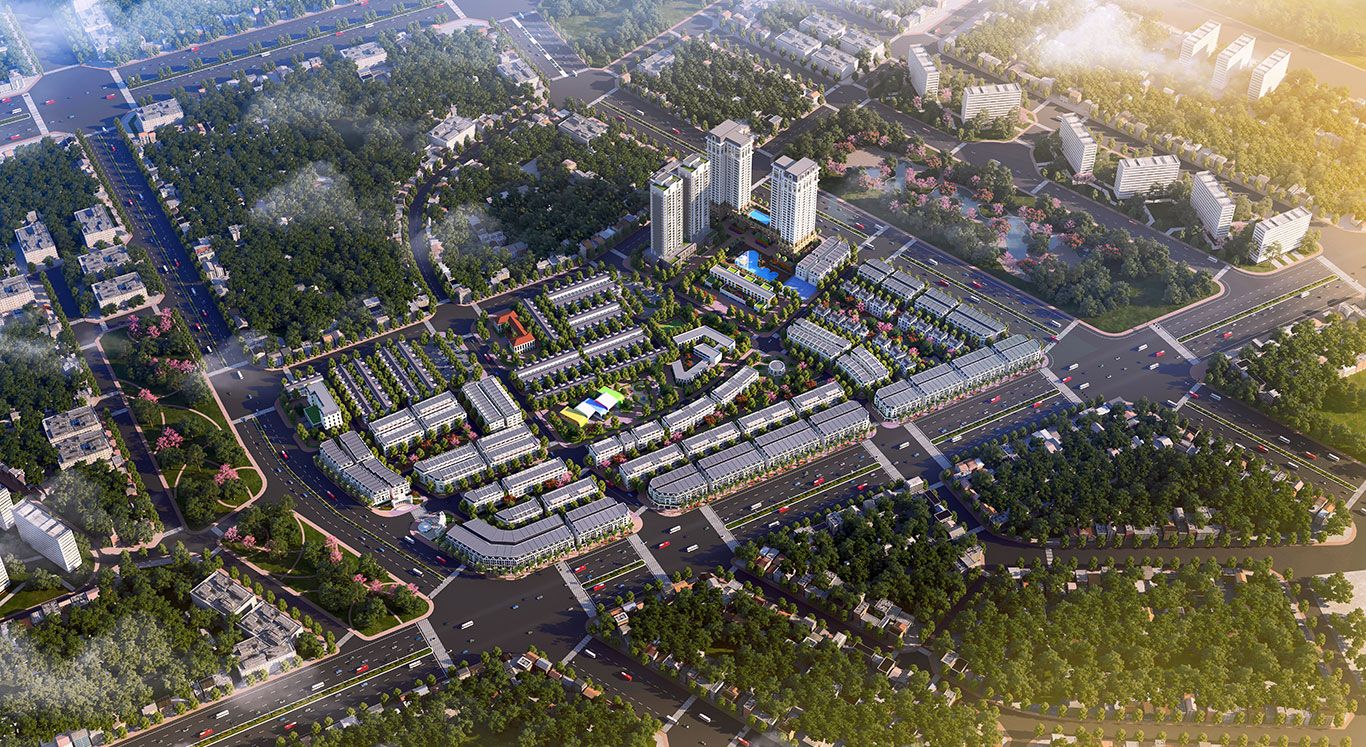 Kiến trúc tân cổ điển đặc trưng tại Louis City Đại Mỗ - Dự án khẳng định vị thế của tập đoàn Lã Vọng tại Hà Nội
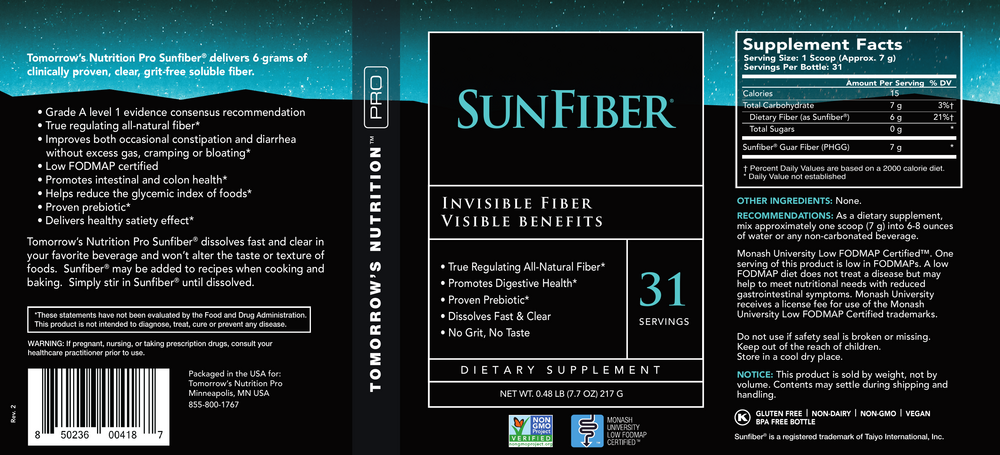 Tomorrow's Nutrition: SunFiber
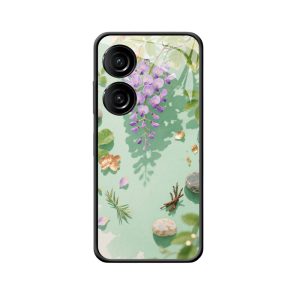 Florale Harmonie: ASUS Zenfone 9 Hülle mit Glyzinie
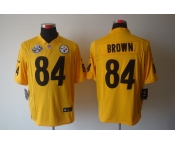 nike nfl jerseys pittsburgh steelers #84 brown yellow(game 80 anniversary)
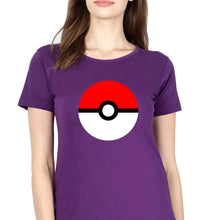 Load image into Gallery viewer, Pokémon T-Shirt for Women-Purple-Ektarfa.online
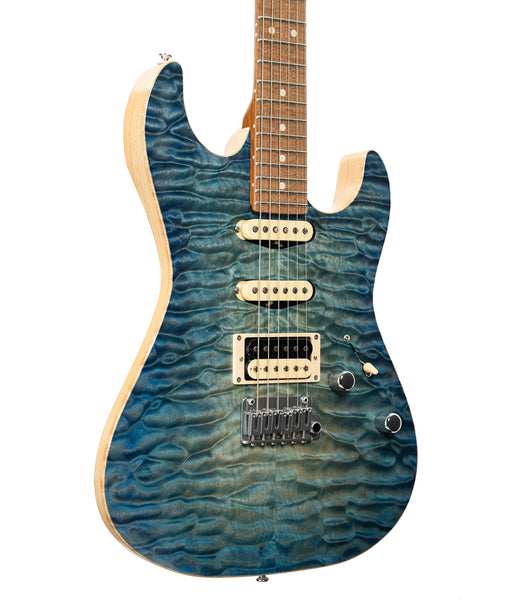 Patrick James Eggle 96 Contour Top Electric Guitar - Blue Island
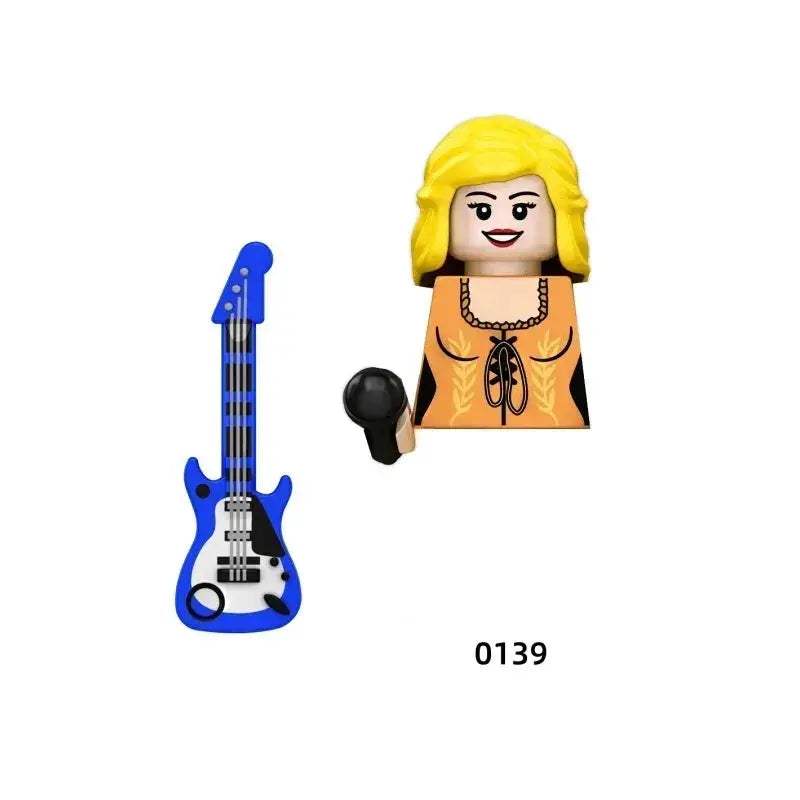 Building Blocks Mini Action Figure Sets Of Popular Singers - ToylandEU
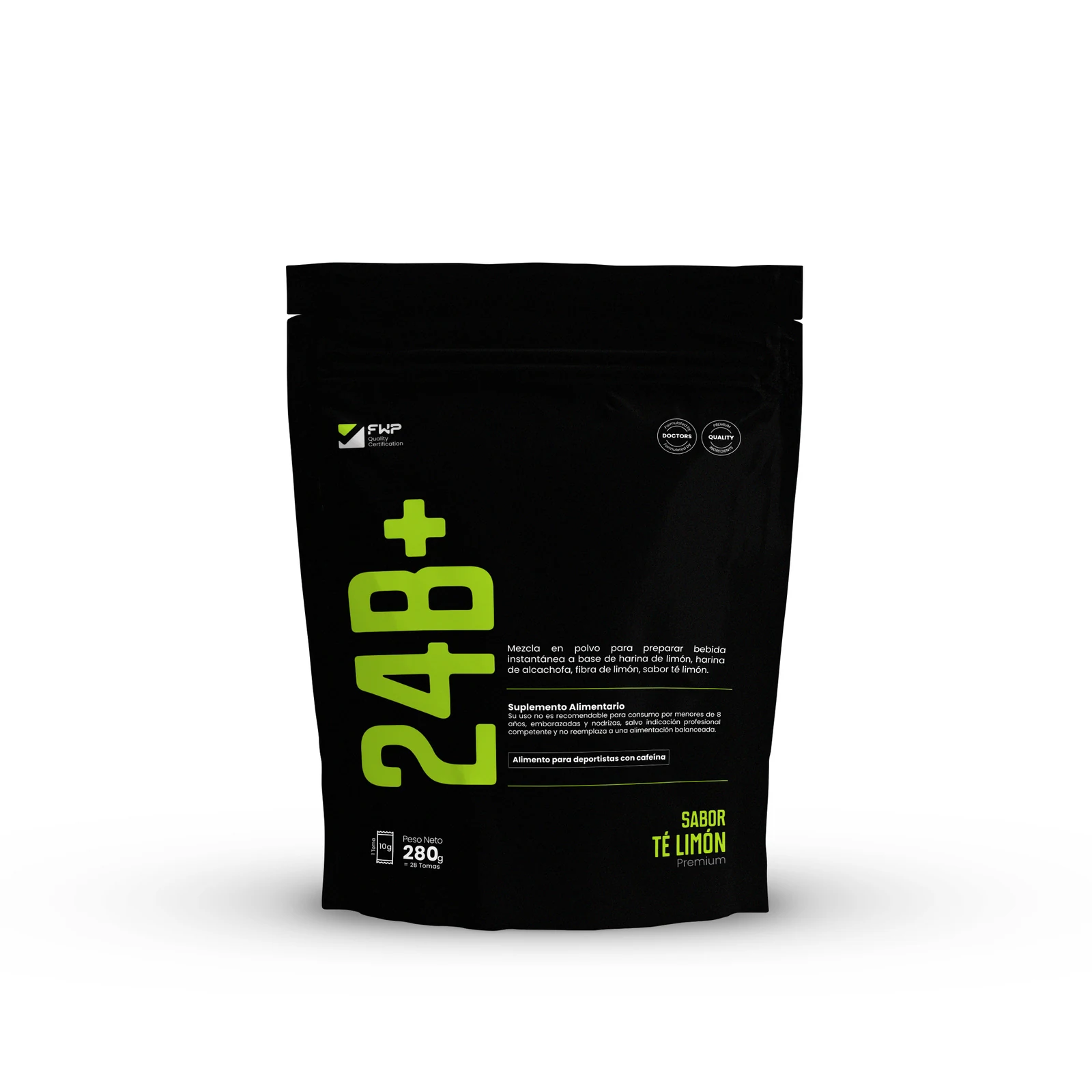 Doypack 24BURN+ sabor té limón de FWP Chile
--------------------------------------------------
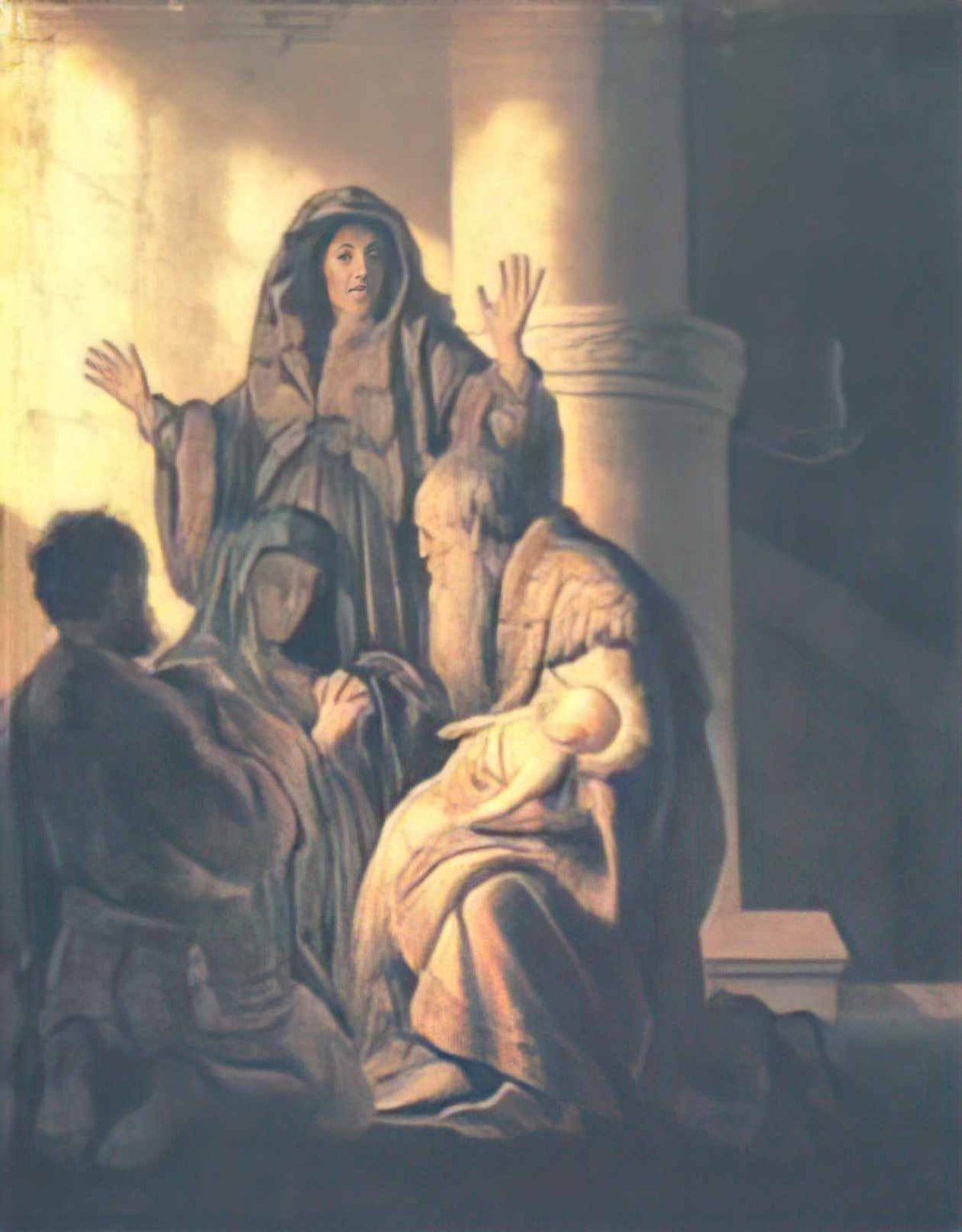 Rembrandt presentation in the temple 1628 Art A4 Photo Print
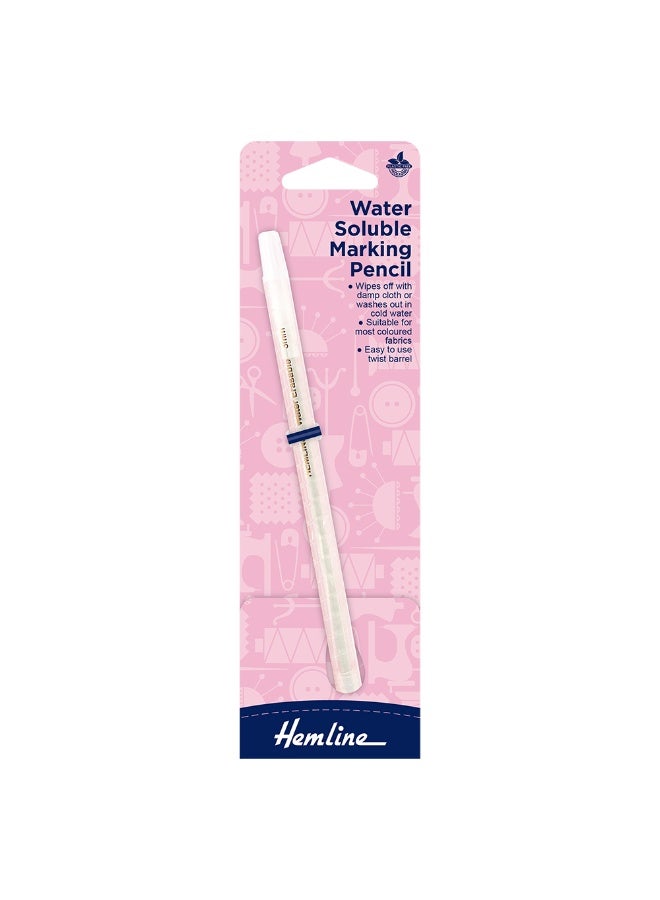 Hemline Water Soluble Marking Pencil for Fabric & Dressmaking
--------------------------------------------------
▶ _Problem details_
Reproduce the data above exactly, but only the lines from the one showing "nike nfl jerseys" through the one showing "Patrick James Eggle", with both ends kept and the pictures left out.

▶ _Response below_
 nike nfl jerseys pittsburgh steelers #84 brown yellow(game 80 anniversary)
 Load image into Gallery viewer, Pokémon T-Shirt for Women-Purple-Ektarfa.online
 Patrick James Eggle 96 Contour Top Electric Guitar - Blue Island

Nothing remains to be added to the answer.